Daily Bread for 1.17.13

Good morning.

Thursday in Whitewater will be mostly sunny, with a high of twenty-two. There will be 9h 26m of sunlight, 10h 29m of daylight, and we;ll have a waxing crescent moon.

Queen Liliuokalani

Queen Liliuokalani

On this day in 1893, Hawaii’s monarch is overthrown:

The Hawaiian steamer Claudine arrived at this port [San Francisco] at 2 o’clock this morning [one day after the overthrow] with the news of a revolution at Honolulu. The revolutionists have succeeded in overthrowing the Government of Hawaii, and United States troops have been landed.

A provisional government has been established, and a commission, headed by Mr. Thurston, came in on the Claudine en route to Washington with a petition to the American Government to annex the Hawaiian Islands to the United States. The commission will leave here to-morrow afternoon and reach Washington next Friday.

Queen Liliuokalani has been deposed from power, the monarchy abrogated, Government buildings seized, and the new provisional Ministry, composed of four members, is sustained by bayonets of volunteers.

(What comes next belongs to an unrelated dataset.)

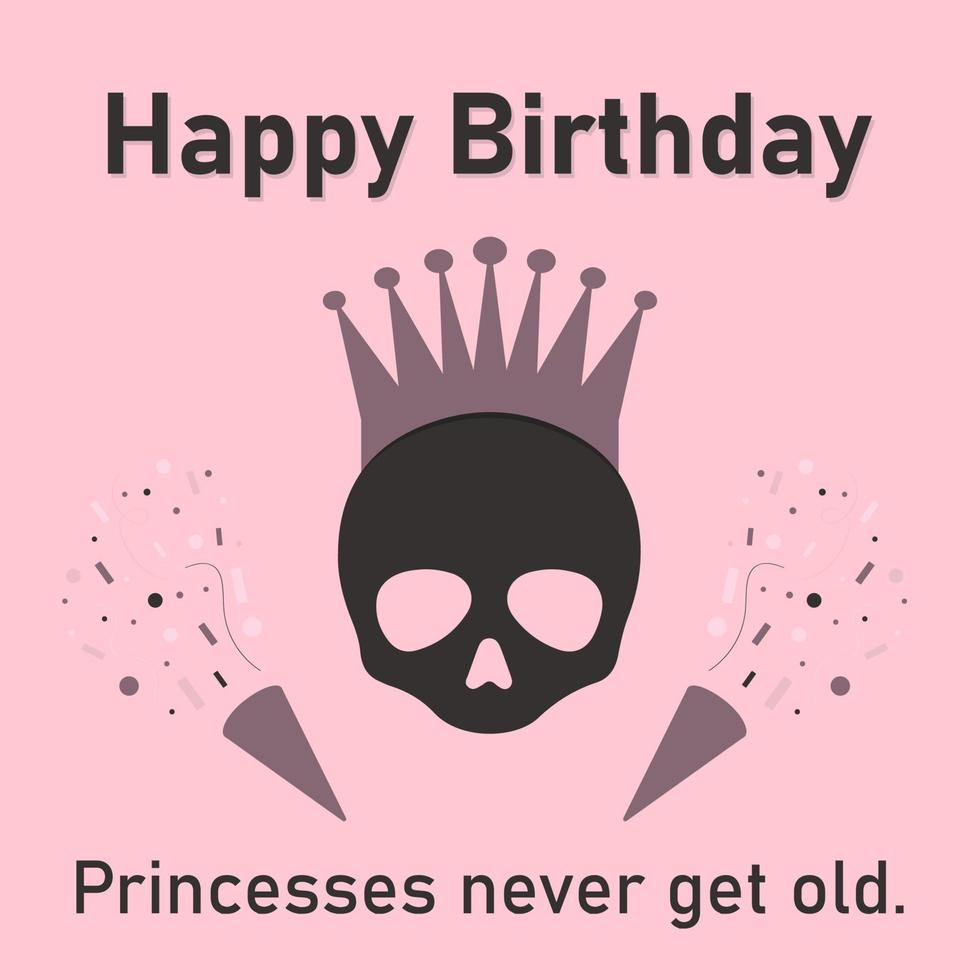 Birthday postcard with skull and crown and title Happy birthday ...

Queen Liliuokalani attempted on Saturday, Jan. 14, to promulgate a new Constitution, depriving foreigners of the right of franchise and abrogating the existing House of Nobles, at the same time giving her the power of appointing a new House. This was resisted by the foreign element of the community, which at once appointed a committee of safety of thirteen members, which called a mass meeting of their classes, at which 1,200 or 1,500 were present. That meeting unanimously adopted resolutions condemning the action of the Queen and authorizing the committee to take into consideration whatever was necessary for the public safety.

The slug of that New York Times headline: ‘Grasping for more power she fell.’ If only present-day monarchs, far worse, went so easily…

On January 17th in 1900, a Wisconsin strike, at a cotton mill:

1900 – Female Cotton Mill Workers Strike
On this date 100 female employees of the Monterey mill, affiliated with the Janesville Cotton Mills, went on strike for higher wages. According to local sources, a committee of four “good-looking young ladies” was appointed to negotiate with management. Doing piece work, the women earned only $40 a month. The company said the women “don’t know how good they’ve got it…because they are paid more than at other local cotton mills and as well as some men with families.” The women argued their monthly pay only averaged $20. Within three days, all the women were hired to work by tobacco warehouses. The Monterey mill was one of three Janesville cotton mills in operation at the turn of the century. [Source: Janesville Gazette]

Google-a-Day has a geography question for us: “A few weeks after the birth of Michelangelo, his family returned to an Italian city that is the capital of the what region?”